**Extracted material**

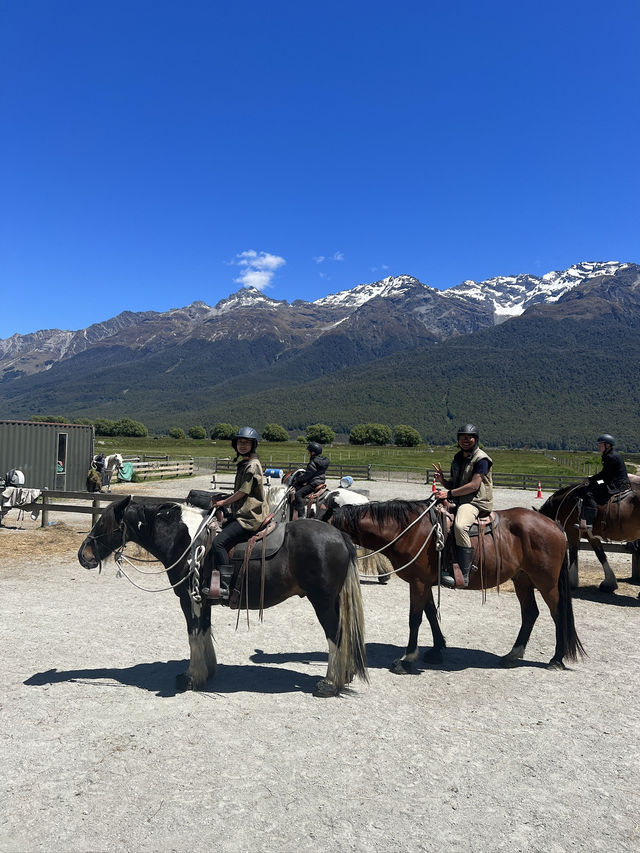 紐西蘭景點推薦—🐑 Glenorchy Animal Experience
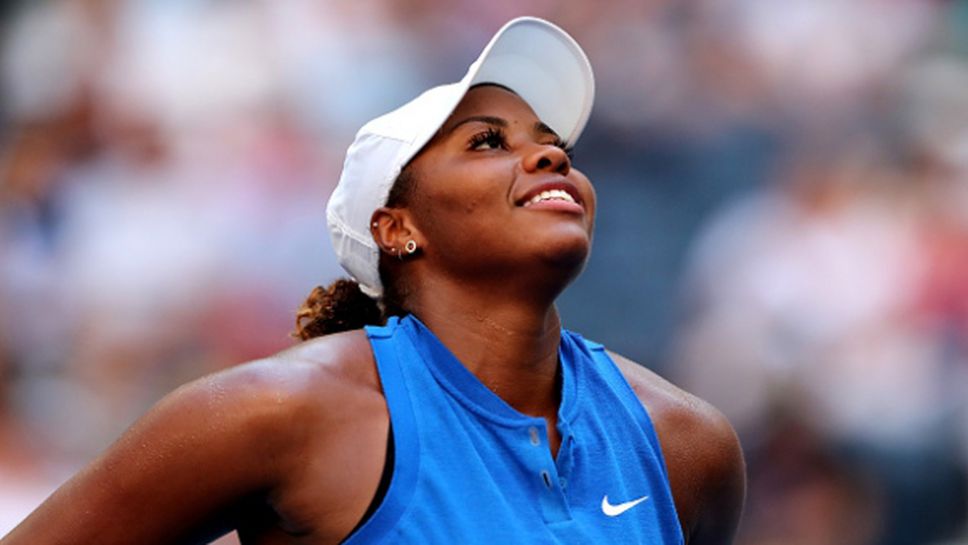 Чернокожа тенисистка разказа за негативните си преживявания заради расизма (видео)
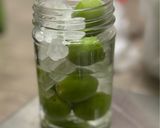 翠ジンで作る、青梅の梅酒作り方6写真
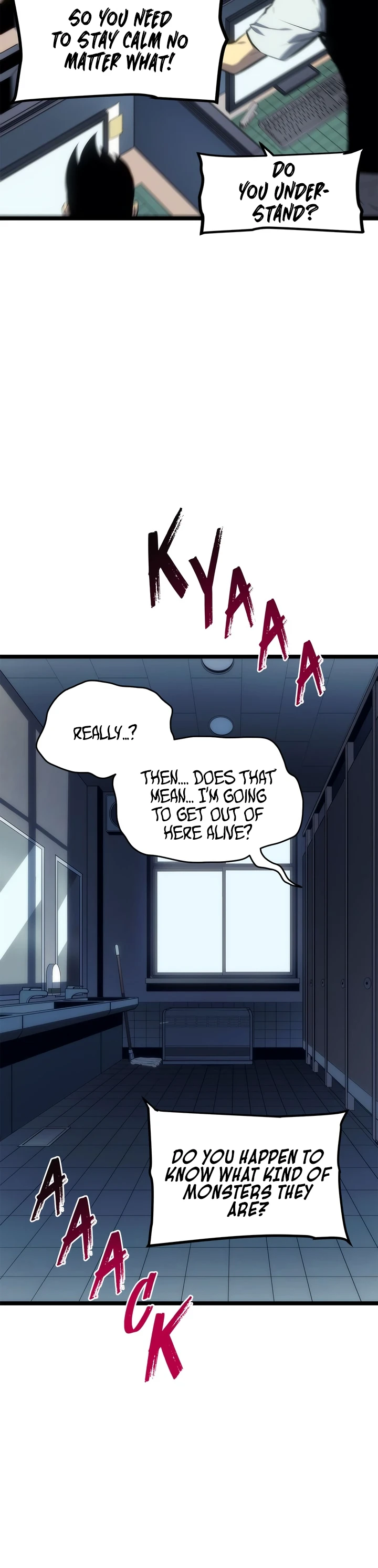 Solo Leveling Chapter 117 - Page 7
==
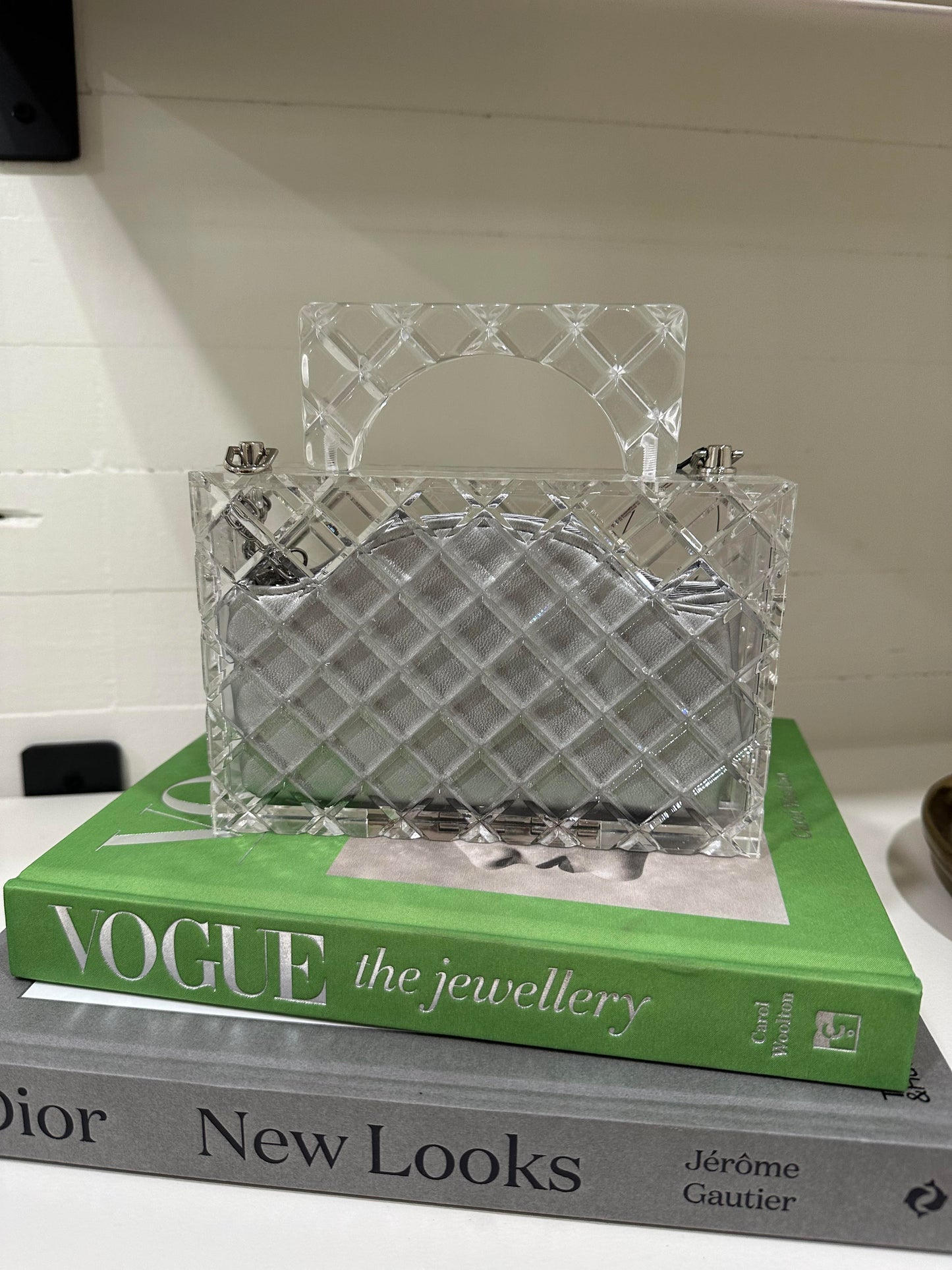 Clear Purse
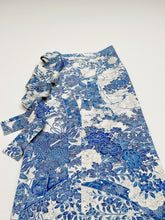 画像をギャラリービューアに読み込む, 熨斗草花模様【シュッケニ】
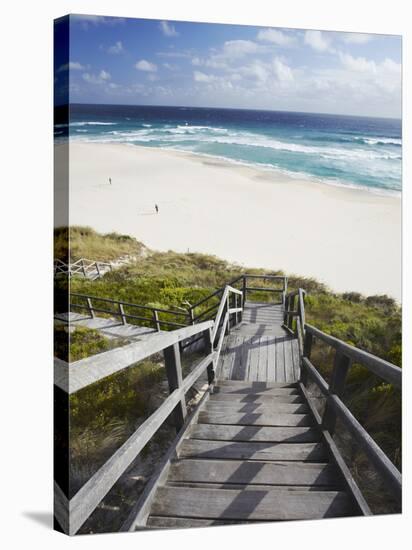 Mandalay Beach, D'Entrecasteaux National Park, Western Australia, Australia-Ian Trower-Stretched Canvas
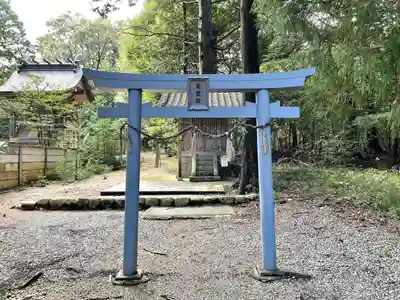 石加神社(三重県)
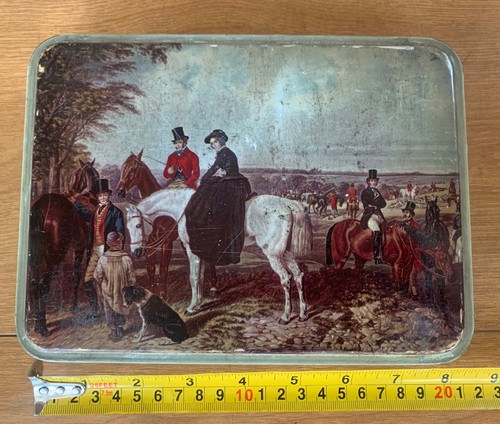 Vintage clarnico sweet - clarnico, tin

**Prompt**
Would you give again, exactly, the lines in the data above that run from the line containing "紐西蘭景點推薦—🐑 Glenorchy Animal Experience" to the line containing "Solo Leveling Chapter 117 - Page 7"? Include both ends and no pictures.

**Written solution**
 紐西蘭景點推薦—🐑 Glenorchy Animal Experience
 Чернокожа тенисистка разказа за негативните си преживявания заради расизма (видео)
 翠ジンで作る、青梅の梅酒作り方6写真
 Solo Leveling Chapter 117 - Page 7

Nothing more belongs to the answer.